Obscure metal at forefront of chip advance

Hafnium was known to hardly anyone outside a handful of scientists and engineers until late last month, when Intel Corp. and IBM Corp. announced a new class of faster, more efficient microprocessors that will use the silvery metal.

The stable and benign substance, listed No. 72 on the periodic table of elements, has made a breakthrough to the next generation of semiconductors possible, the companies said. They plan to make hafnium chips that could be designed into all manner of devices, including computer servers and cellphones.

Once the rare element becomes pervasive, is there a danger of supply shortages?

The question draws laughter from those in the know. Not in ridicule, but because the amount used is minuscule. Hafnium oxide will replace the layer of silicon oxide in tiny transistors that go into a chip. One chip requires hundreds of millions or even billions of transistors.

IBM Chief Technologist Bernard Meyerson put the supply situation in perspective: The hafnium in a cubic centimeter, the size of a small sugar cube, could be spread across 10 football fields’ worth of silicon wafers used to make chips.

“That assumes a 50-atom-high pile of it, which frankly would be an extraordinarily large amount,” he said. “That amount will go down over time.”

Hafnium oxide is an alloy, which means pure hafnium would stretch even further.

Electricity tends to leak out of transistor circuits because of their minute scale, resulting in power loss, and the silicon oxide material that hafnium replaces also leaks power.

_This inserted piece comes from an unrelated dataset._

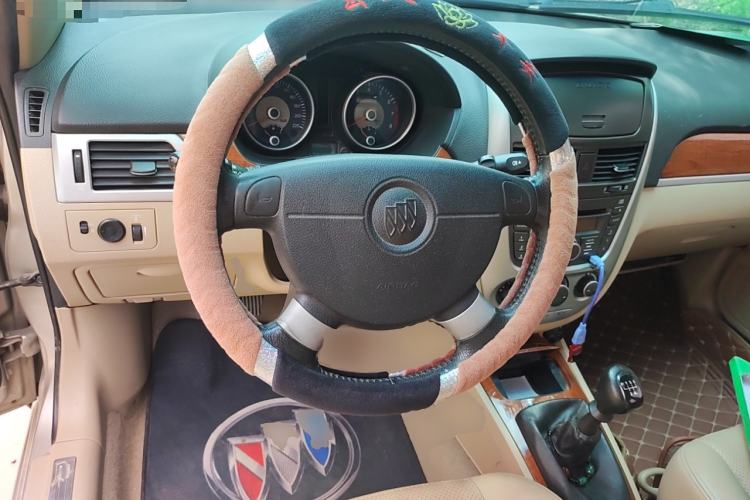 Used Buick Excelle 2011 1.6 LE-MT Steering Wheel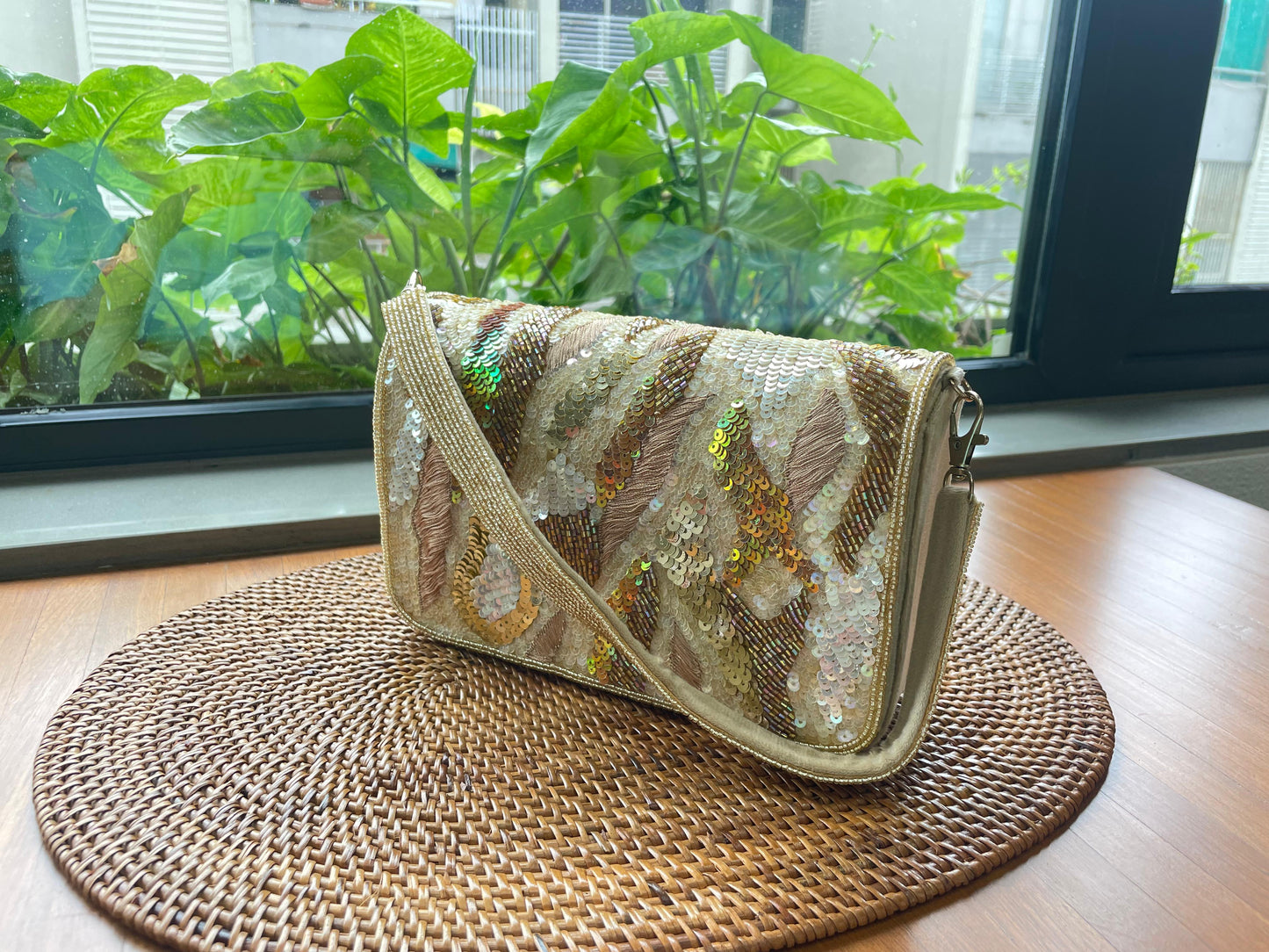 Kiara Clutch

The new hafnium chips will help reduce that power loss and enable chipmakers to create smaller processors.

Each year, only 50 metric tons of hafnium is produced. It does not occur as a vein in the earth, so refiners must extract it as a byproduct of zirconium oxide, a fairly abundant metal prevalent in the U.S., Brazil, Australia, Russia and China.

Their nearly identical atomic structures render hafnium difficult and costly to separate from zirconium, and much depends on the zirconium deposit’s quality. About 60% to 70% of the world’s hafnium supply goes into nuclear control rods, with most of the remainder used in high-specification jet engine metals.

Industry observers were not fearful of competition for supplies, at least in the near term.

“Given the amounts we’re using, we’re not going to be fighting over sugar cubes,” IBM’s Meyerson said.

Still, according to American Elements of Los Angeles, a leading producer of rare-earth elements, hafnium’s presence in the Earth’s crust does not necessarily mean it’s minable.

American Elements President Michael Silver notes that radioactivity plagues deposits in Australia and that in Florida they are scattered in beach sand.

“In the Florida sands there’s a substantial amount of rare earth, but there’s no way in the world you’re going to be able to refine it. It would never be cost-effective,” he said.

American Elements, which makes about a metric ton of hafnium annually for customers such as General Electric Co., Siemens and the designers of the new chips, has been producing it for about 10 years at its facility in China, where most of the world’s minable supply exists.

An oft-cited quote by the late leader Deng Xiaoping, “The Middle East has oil and China has rare earth,” illustrates the Asian country’s proprietary view of its rare elements.

By imposing ever-stricter export restrictions, the Beijing government has been pressuring international firms to refine rare metals in China. Last month, Silver said, Beijing slapped a 10% export charge on rare-earth materials. “It’s now more cost-effective to set up a separation plant in China,” he said.

So far, Silver has not seen supply pressures on hafnium. But that may change in the long run, he said.

“Until more pressure is put on demand for hafnium, I don’t think you’re going to truly know what the capacity is for costeffective, minable hafnium. We simply haven’t been tested.”